I’ve just come back from a couple of weeks off, a break I really needed and which successfully recharged my batteries. Whilst I was away, I got to thinking about hyper-independence and how bad it can be for a writing career. My husband has more than once joked that if there’s an easy way to do something and a hard way to do something, I’ll always pick the hard way. Except it’s really not a joke, it’s just a statement of fact.

I have no doubt that I have at least a little hyper-independence, which can be defined as “unhealthy and excessive need for self-reliance”, having been bullied a lot as a child and teen. And I also have no doubt that it has led me to making my life more difficult than it needed to have been.

Growing up in a household with self-employed parents in a family where half my relatives were self-employed also emphasised the idea that the standard path of graduating and getting a job was undesirable. Independence was everything. Indeed, I lasted just a few years in employment and became self-employed in 1998. In retrospect, that was an error of judgement, but that realisation came about 20 years too late.

There’s a lot I could say about how hyper-independence has affected my professional life, how I tried to tackle it before I really knew what it was, and how I’ve become less hyper-independent as I’ve  grown older, but that will have to wait for another post.
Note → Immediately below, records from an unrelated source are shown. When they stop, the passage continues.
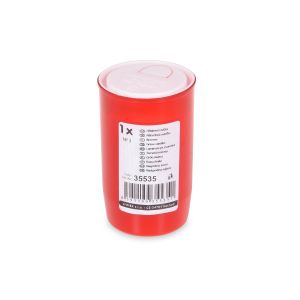 Iluminační svíčka 30% oleje Ø60 x 100 mm 60h.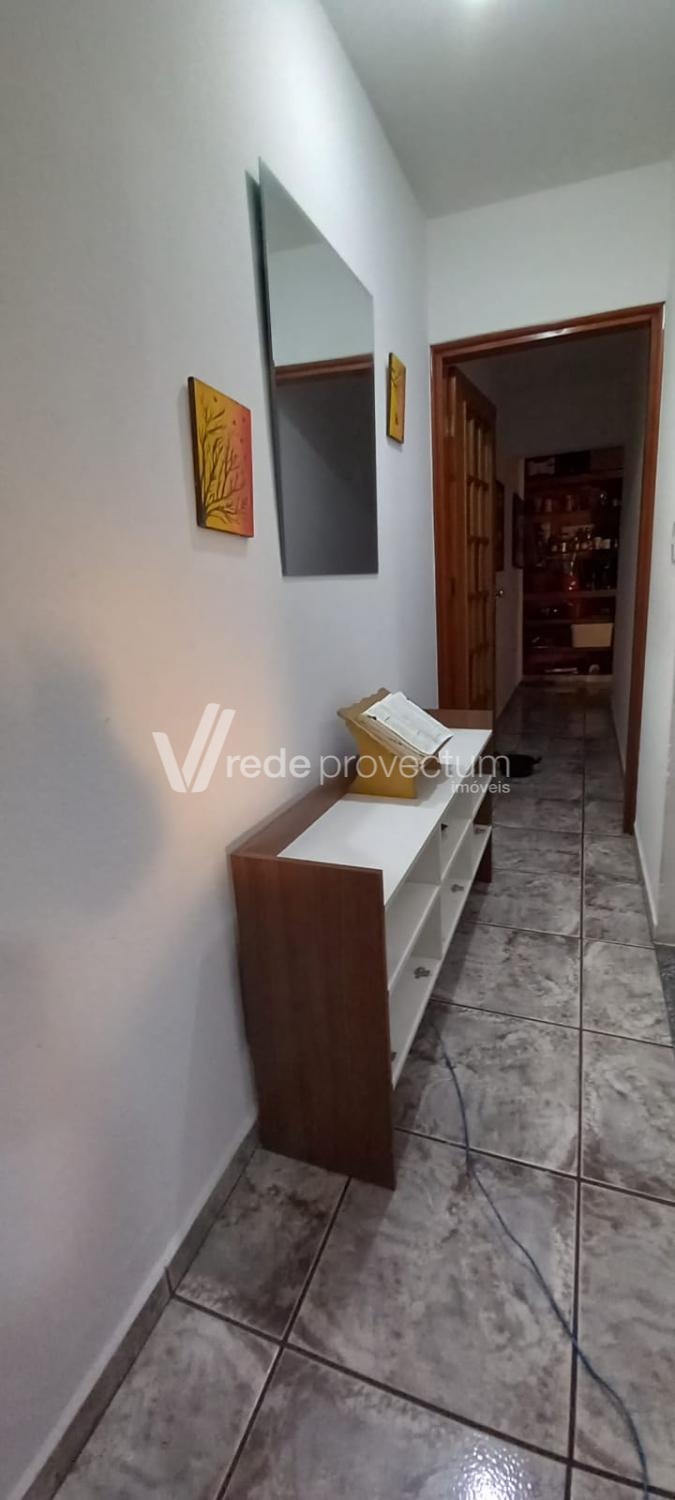 AP196644 | Apartamento venda Vila Mimosa | Campinas/SP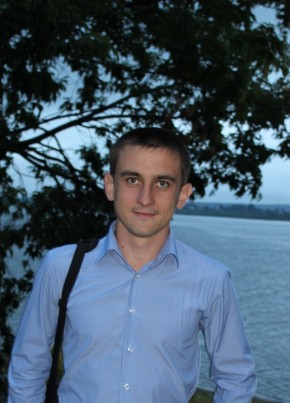 Дмитрий, 35, Россия, Томск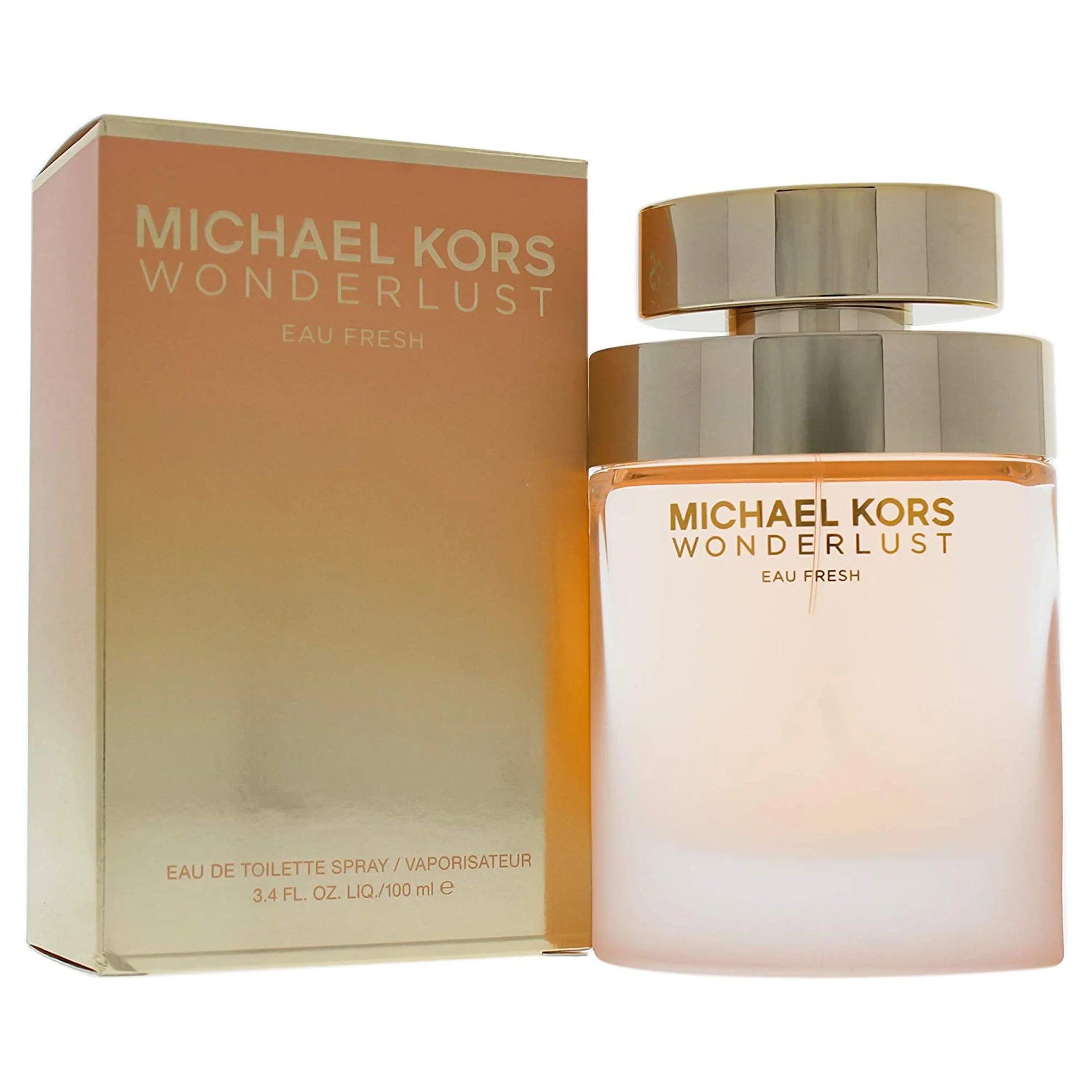 Michael Kors Wonderlust Eau Fresh EDT
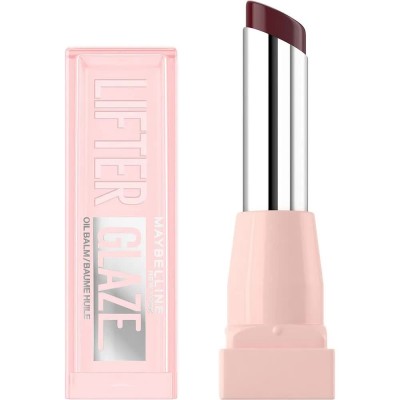 специфични,козметични,продукти,maybelline,lifter,glaze,10,espresso,kiss,lip,balm,brown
This one is about how the book industry unintentionally encourages hyper-independence and why we need to be aware of it and work to ensure that we don’t become creatively hyper-independent.

The obvious source of creative hyper-independence is the myth of the lone genius slaving away over a hot typewriter to write their Great Novel, which is perfect on first draft. (Perfectionism, by the way, can be a result of the same circumstances that produce hyper-independence.)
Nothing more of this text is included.